Input material section start
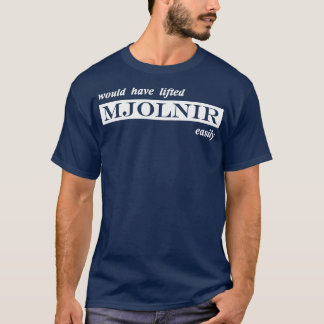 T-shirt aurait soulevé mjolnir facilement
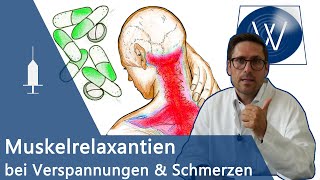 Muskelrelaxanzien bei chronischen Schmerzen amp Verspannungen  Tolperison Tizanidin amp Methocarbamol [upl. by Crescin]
Input material section end
Input material section start
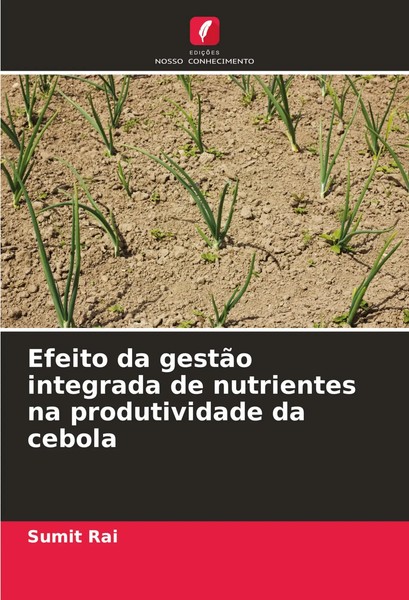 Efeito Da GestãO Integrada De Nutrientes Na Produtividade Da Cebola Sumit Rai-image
Input material section end
## Goal of the exercise
From the material above, output only the span of lines that starts at the one containing "T-shirt aurait soulevé mjolnir facilement" and finishes at the one containing "Muskelrelaxanzien bei chronischen", word for word and free of pictures.

## Written response
 T-shirt aurait soulevé mjolnir facilement
 Muskelrelaxanzien bei chronischen Schmerzen amp Verspannungen  Tolperison Tizanidin amp Methocarbamol [upl. by Crescin]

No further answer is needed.